Under this plan services will be reshaped around the needs of patients more radically than ever before. The NHS and its staff will need to adapt as they strive to make the changes necessary, but they will be supported in doing so. The results will be better patient safety, better health outcomes, more satisfied patients-and, ultimately, a stronger NHS.
The Secretary of State for the Home Department (Alan Johnson): The Government have no higher duty than to protect the public. A critical tool in this is the warranted interception of communications that allows law enforcement and intelligence agencies to gather intelligence about those individuals who seek to do us harm.
Intercept material obtained under a RIPA warrant cannot currently be used as evidence in criminal trials. It has been, and remains, the Government's objective to find a way to make this possible. In February 2008, the Prime Minister accepted the findings of a Privy Council review, chaired by Sir John Chilcot, which recommended that intercept should be admissible as evidence subject to meeting nine operational requirements, which the review judged to be necessary to protect the public and national security. He set in train the necessary implementation process and established an advisory group, comprising the right hon. Sir John Chilcot, the right hon. Member for Berwick-upon-Tweed (Sir Alan Beith), the right hon. and learned Member for Folkestone and Hythe (Mr. Howard), and my right hon. And noble Friend Lord Archer of Sandwell, in order to help safeguard intelligence capability and protect the public.
In my written ministerial statement to the House of 16 July I provided an update on the progress of the implementation programme. I said that I would make a formal report to Parliament on the results and conclusions after end of the summer recess.
I am today publishing a Command Paper setting out the work programme's findings and conclusions. Copies will be available in the Vote Office. I am also placing in the Libraries of both Houses copies of a separate report to my right hon. Friend the Prime Minister by the advisory group. The Prime Minister and I are grateful to the advisory group for its work. I echo their recognition
both of the complexity and sensitivity of the work programme and the commitment and thoroughness of officials in undertaking it.
Any implementation of intercept as evidence must, as set out in the original Privy Council review, ensure that trials continue to be fair and that the operational requirements to protect current capabilities are met. As noted in the advisory group's interim report to the Prime Minister, reported in my predecessor's written ministerial statement of 12 February and placed in the Libraries of both Houses, there is an intrinsic tension between these legal and operational requirements.
The work programme set out to develop a model for intercept as evidence that successfully reconciled these requirements, based on the approach recommended by the Privy Council review. This model has been subject to extensive practical testing, with the close involvement of senior independent legal practitioners. This testing has demonstrated that the model, if fully funded, would be broadly consistent with the operational requirements. However, it would not be legally viable, in that it would not ensure continued fairness at court. This has been confirmed by a recent European Court of Human Rights case (Natunen v Finland). The result would be to damage rather than enhance our ability to bring terrorists and other serious criminals to justice.
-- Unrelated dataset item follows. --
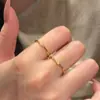 Explosiones del Libro Rojo Anillo de Diamante Amarillo de Gran Altura 2025 Nuevo Oro Antiguo Transferencia Nudo de Bambú Taladro Anillo Simple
These findings are disappointing. In the light of them, the Government conclude, as does the advisory group, that the model does not represent a viable basis for implementation. However, the Government also share the advisory group's view that the potential gains from a workable intercept as evidence regime justifies further work. We therefore welcome the group's suggestion of three areas of analysis, beyond the scope of the original work programme, intended to establish whether the problems identified are capable of being resolved. These areas are to examine:
Further enhancing the judicial oversight available.
Full retention of intercept material alongside alternative review requirements.
Advances in technology which might make full retention and review more manageable.
The Government agree with the advisory group that while continuing to seek innovative and imaginative approaches, these should not be at the cost of the operational requirements, and hence national security or public protection. I am grateful for the advisory group's agreement to continue in its current invaluable role and for agreeing to be similarly engaged on interception related matters that have arisen in the context of the Coroners and Justice Bill.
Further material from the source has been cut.